What was their future? It was as glorious as the power and the promises of God. They were not to be desert nomads for ever with a base in this little city with its temple, quiet spectators as the rest of the world – mighty, world empires centred in Babylon and Athens and Rome, and later in London and in New York and Moscow and China – they did all the important things in the world. No! That was not the future for Jehovah’s people. They were not going to live out on a limb, or in a cul de sac which all the nations didn’t notice, or in some cave in the middle of the Sinai peninsula. These people who knew the Lord, whose hands were strong, who spoke the truth to one another, who loved truth and peace, to whom God gave joyful and glad occasions and happy festivals, these blessed people became the light of the world! Millions in all the world for the next two and a half millennia longed to have what they had, and millions today long for it still. We are not some fringe, out of date religion, utterly out of touch and irrelevant in the 21st century. We are one of the most powerful, vital contemporary movements in the world. Gospel Christianity is growing and growing all over the world. And this is what God promises to the people: “Many peoples and the inhabitants of many cities will yet come, and the inhabitants of one city will go to another and say, ‘Let us go at once to entreat the LORD and seek the LORD Almighty. I myself am going.’ And many peoples and powerful nations will come to Jerusalem to seek the LORD Almighty and to entreat him” (vv.20-22). So it is in the USA today and in Korea and Kenya and in China and so on. There are significant signs that even in our land there are people entreating and seeking the Lord. The last centuries have seen mighty turnings to God, and we long that there will be yet more such times.

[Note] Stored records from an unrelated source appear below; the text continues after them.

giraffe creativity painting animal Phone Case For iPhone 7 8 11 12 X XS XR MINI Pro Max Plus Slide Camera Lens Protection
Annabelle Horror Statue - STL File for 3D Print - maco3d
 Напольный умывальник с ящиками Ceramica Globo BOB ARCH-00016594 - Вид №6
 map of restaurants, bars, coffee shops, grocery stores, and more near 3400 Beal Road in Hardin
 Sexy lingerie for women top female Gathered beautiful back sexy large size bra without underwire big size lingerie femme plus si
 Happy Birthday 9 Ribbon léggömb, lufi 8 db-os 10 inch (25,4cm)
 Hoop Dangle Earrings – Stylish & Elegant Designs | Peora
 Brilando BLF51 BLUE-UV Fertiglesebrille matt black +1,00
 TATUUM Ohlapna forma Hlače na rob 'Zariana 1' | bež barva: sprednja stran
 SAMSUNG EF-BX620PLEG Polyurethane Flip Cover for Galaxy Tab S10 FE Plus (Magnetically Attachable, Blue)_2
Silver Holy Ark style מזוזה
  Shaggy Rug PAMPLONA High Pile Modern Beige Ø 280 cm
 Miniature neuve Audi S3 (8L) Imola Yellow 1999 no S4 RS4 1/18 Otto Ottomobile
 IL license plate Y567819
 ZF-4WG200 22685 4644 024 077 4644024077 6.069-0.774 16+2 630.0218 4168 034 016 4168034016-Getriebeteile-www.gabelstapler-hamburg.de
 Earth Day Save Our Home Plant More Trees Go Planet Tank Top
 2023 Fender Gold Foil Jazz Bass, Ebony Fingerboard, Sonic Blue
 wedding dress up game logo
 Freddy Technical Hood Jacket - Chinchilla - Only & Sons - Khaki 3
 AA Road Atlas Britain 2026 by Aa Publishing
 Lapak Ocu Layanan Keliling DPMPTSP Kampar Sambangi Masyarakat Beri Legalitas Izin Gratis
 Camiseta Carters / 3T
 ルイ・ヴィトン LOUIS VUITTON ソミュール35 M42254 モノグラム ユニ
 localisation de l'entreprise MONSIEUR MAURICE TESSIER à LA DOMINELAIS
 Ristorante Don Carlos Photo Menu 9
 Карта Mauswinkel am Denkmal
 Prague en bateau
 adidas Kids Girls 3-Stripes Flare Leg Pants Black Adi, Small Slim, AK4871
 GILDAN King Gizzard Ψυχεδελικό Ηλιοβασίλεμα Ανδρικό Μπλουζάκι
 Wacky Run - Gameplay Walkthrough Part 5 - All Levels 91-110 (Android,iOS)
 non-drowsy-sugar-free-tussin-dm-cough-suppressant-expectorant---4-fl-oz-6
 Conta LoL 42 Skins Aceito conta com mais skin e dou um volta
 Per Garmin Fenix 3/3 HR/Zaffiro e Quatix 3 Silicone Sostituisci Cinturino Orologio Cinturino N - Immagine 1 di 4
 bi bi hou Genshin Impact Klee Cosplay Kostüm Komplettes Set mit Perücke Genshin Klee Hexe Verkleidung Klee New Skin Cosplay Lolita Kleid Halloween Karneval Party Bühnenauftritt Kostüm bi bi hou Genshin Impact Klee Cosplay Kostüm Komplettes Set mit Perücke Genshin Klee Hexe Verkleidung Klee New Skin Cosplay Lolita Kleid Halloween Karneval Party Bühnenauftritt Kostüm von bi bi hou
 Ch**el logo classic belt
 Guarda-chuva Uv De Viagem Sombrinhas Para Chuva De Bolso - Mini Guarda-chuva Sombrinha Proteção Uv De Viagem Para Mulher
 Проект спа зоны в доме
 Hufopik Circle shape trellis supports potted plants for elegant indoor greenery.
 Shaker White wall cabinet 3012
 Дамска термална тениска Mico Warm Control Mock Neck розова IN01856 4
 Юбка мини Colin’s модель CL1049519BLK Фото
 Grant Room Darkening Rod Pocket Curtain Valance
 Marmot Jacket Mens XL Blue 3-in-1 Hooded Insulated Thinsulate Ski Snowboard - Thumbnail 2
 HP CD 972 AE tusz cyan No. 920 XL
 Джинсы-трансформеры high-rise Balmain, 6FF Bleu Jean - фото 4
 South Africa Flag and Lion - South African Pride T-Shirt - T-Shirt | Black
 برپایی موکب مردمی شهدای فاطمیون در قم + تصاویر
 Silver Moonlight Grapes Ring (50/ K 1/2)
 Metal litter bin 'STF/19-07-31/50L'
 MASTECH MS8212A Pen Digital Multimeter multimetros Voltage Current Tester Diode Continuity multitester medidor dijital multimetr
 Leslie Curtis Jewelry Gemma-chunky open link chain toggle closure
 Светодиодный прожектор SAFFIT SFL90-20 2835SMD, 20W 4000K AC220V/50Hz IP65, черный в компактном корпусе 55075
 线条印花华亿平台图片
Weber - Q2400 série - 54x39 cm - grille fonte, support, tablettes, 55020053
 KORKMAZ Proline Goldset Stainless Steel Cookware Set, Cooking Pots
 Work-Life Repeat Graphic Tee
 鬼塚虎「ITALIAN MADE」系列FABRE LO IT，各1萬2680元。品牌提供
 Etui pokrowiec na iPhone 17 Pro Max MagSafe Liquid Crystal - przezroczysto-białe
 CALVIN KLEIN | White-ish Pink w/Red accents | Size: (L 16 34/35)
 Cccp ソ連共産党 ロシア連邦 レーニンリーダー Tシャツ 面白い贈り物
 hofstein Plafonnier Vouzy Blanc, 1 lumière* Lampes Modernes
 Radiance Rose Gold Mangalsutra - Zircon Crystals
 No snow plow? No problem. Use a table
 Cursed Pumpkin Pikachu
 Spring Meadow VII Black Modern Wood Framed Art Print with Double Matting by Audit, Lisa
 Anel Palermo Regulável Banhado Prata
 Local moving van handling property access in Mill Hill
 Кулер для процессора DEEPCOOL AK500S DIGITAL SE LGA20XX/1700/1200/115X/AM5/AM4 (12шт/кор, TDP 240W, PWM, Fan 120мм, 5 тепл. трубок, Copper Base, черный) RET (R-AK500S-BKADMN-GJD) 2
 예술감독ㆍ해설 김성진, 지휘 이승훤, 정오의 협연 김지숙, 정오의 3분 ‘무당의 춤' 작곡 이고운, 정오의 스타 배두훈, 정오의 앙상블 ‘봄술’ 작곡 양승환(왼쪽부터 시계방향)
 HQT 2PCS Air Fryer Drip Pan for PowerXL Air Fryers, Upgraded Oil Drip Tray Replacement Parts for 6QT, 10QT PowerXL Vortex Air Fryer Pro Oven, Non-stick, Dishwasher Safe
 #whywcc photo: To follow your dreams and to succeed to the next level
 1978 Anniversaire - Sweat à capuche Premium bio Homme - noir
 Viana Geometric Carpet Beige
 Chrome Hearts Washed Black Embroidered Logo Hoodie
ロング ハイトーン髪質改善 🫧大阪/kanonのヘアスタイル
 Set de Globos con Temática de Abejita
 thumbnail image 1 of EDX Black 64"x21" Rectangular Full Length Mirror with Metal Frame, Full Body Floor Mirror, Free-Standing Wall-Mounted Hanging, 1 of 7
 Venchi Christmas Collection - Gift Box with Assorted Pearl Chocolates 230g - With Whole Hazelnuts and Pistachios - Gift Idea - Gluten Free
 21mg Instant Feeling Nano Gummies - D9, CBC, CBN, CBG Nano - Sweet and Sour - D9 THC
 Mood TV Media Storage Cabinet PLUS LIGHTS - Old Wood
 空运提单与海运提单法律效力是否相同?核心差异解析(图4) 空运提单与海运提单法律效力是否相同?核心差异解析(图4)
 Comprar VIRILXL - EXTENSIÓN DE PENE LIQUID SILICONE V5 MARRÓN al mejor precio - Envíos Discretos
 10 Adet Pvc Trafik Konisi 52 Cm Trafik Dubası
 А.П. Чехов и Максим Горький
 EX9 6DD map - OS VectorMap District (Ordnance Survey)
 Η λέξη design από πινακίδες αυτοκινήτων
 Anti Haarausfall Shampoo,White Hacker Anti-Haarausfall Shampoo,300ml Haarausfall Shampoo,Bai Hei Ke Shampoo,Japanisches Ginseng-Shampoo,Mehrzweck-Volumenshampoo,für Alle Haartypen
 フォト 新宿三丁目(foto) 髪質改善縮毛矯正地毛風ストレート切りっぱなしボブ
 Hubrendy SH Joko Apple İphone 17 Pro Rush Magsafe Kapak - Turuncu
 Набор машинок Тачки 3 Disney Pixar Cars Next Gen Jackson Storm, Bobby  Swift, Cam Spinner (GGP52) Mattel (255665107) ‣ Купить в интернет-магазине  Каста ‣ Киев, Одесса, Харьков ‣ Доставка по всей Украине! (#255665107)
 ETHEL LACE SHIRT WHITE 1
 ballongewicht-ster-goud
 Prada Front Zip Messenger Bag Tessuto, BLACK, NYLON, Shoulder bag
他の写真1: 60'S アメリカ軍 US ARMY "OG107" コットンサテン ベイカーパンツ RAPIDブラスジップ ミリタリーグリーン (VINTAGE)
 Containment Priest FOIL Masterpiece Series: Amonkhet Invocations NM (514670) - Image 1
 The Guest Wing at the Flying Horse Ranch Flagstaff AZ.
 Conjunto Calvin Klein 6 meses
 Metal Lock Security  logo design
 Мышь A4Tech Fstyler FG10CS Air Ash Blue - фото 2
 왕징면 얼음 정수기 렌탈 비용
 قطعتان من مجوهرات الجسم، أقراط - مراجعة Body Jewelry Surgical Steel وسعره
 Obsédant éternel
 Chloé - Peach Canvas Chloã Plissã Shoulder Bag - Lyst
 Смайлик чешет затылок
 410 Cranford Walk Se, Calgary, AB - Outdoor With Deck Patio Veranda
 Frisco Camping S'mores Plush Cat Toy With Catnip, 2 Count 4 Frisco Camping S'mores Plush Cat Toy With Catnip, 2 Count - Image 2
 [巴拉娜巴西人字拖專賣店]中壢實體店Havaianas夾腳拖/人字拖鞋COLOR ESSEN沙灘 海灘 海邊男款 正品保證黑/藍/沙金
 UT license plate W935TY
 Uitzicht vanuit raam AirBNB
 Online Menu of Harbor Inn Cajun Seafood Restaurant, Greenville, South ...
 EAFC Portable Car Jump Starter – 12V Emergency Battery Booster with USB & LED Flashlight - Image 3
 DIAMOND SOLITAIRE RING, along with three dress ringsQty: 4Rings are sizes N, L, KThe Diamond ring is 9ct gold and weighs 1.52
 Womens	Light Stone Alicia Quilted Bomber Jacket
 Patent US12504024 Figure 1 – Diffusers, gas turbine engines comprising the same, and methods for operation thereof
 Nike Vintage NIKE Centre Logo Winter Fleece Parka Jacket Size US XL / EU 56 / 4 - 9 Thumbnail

So this chapter containing synopses of ten sermons of Zechariah finally comes to an end. These people growing within the ruined city into new hope and expectation are led by the prophet to see a glorious future lying before the cause of the Lord and his Son our Messiah. Who amongst them would have dreamed that these prophecies of Zechariah would have become as enduring as they have, that in two and a half millennia there would a hundred people 5,000 miles away in Wales who would spend around 20 Sabbath mornings studying these sermons of Zechariah and being blessed by them. We are no ghetto. We are men and women from across Europe, and Jordan, and America, and Africa and the islands of the Pacific – we gather here and hear of the great promises God made to Zechariah. The word of the Lord endures for ever. This is what Jehovah promises: “In those days ten men from all languages and nations will take firm hold of one Jew by the hem of his robe and say, Let us go with you, because we have heard that God is with you” (v.23).

How we advertise and invite and arrange our special meetings and cook food and pray for people to come, and on the night we find one stranger, or two visitors, and we rejoice to see them, and then we long that in them there should be some soul thirst for Jesus Christ. How rarely we do see it. We almost suggest that they would be doing God a favour if they turned from their unbelief and trusted in him. How different it will be when the Spirit of God begins to work in the lives of men and women as he did at Pentecost. Three thousand people pleading, “Let us go with you. Can we please go to hear of Jesus Christ and his wonderful love? We have heard that when you meet together that God is there too. He is with you. Can we go and meet with him in repentance for our lives of sinning, entrusting ourselves to his mercy? Please can we go with you,” and they take us by the jacket, or they hold our hands and are determined to accompany us to the place where God is. Then with a cheerful zeal we haste to Zion’s hill and there our vows and homage pay. May we see such blessed days! May we know that such days have come to some favoured parts of the world today. When we do then we cry, “While on others Thou art calling, do not pass us by.”